Lucas é muito chegado à família e Anderson, o irmão mais novo, tem adoração por ele. Nascido e criado em Suzano, pouco saía de casa porque a mãe temia que fosse aliciado pelo tráfico. "O medo dela era que eu virasse um noia ladrão. Aqui tem uma galera bem puxada que gosta de umas paradas erradas."
Investindo milhões em músculos
Os amigos da escola de Lucas combinaram de se matricular na academia. O garoto de 13 anos vendeu uma máquina de lavar quebrada para pagar a inscrição. Hoje ele é fisiculturista em tempo integral.
Karina concilia os treinos com o trabalho de auxiliar de enfermagem. Funcionária de uma empresa de homecare, cuida de uma mulher acamada. Mas os planos do casal incluem uma mudança na carreira dela.
O posto a ser assumido é o de empresária do marido. Karina já dá as orientações de qual conteúdo produzir para as redes sociais, acompanha os treinos e faz contatos com os patrocinadores. O trato do casal prevê que Lucas se concentre em treinar e comer.
Manter a engrenagem demanda muito dinheiro. Cada uma das 13 semanas finais de preparação para o Arnold custou R$ 1 mil em alimentação. Nesse período, a conta de manipuladosbeira os R$ 10 mil.
Mais medo de lesão que da morte
O que tira o sono de Lucas é romper um músculo. Competidor da categoria classic physique que é, ele busca a perfeição. O fisiculturista precisa ter o corpo em X — costas enormes, cintura fina e alargamento nas pernas. Ter definição muscular e simetria também é fundamental.
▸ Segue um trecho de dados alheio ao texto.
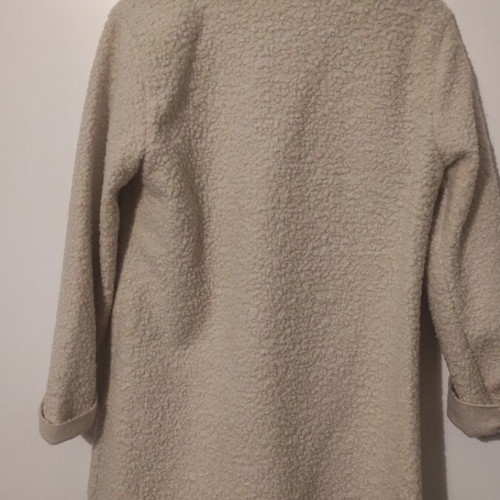 Urban boucle coat white one size like new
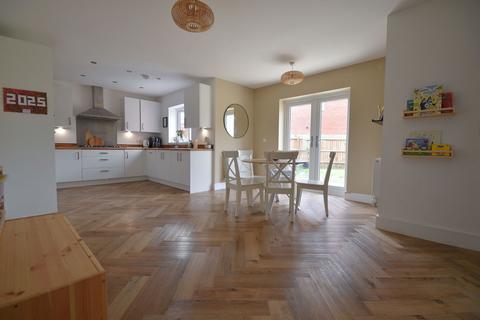 5 bedroom detached house for sale, Rowan Drive, Burton-on-Trent DE14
Quando sobe no palco, Lucas repete poses ensaiadas para ressaltar os contornos do corpo. O primeiro passo é executar o que se chama de "vácuo" — inspirar muito ar, encolher o abdômen e inflar o peito. A ideia é que cada pose mostre simetria e definição. Mas, com uma lesão grave, o homem que acredita ter genética de campeão não tem chance de cumprir os dois requisitos. As chances de ser Mr. Olympia acabariam para sempre.
Na sexta-feira (29), primeiro dia das competições, Lucas sonhava fazer sua última participação como amador. Levando o título, ele teria direito à carteirinha profissional. O fisiculturista não lesionou nada até ontem, mas sofreu um revés. Lucas teve problemas estomacais e concorreu como limitações no físico.
Karina acredita que houve problemas em alguma substância manipulada. O marido ficou tão frustrado que não quis falar do assunto naquele dia. Ele terminou sem o título.
O sonho de ser Mr. Olympia vai exigir ainda mais esforço. Lucas vai ter que por em prática o discurso de que a desistência não é uma opção.